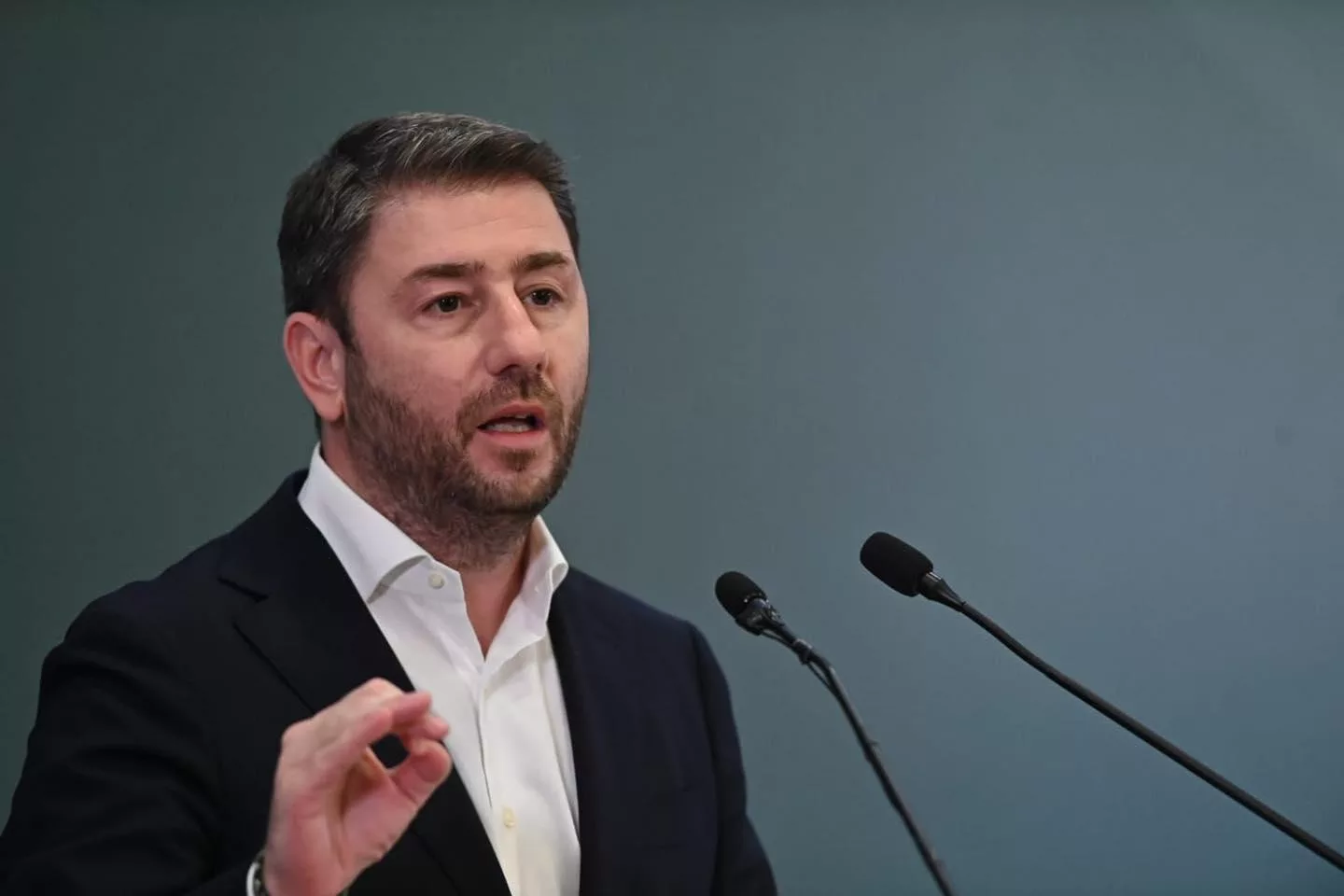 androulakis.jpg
==
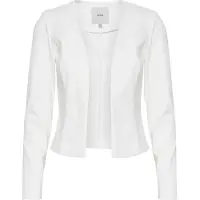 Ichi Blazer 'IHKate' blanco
* * *
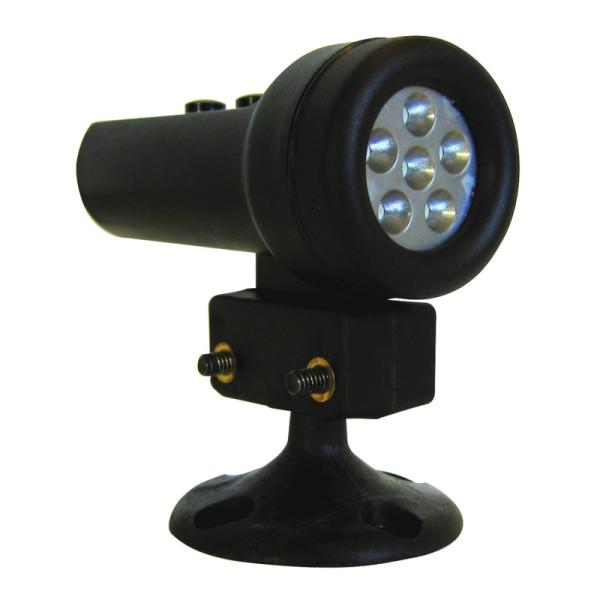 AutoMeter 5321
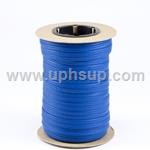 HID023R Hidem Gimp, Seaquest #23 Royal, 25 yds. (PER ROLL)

WORK ITEM: Among the entries above, take the lines from the one with "AutoMeter 5321" through the one with "HID023R Hidem Gimp, Seaquest" and retype them exactly, leaving out the pictures.

RESPONSE TO THE EXERCISE:
 AutoMeter 5321
 HID023R Hidem Gimp, Seaquest #23 Royal, 25 yds. (PER ROLL)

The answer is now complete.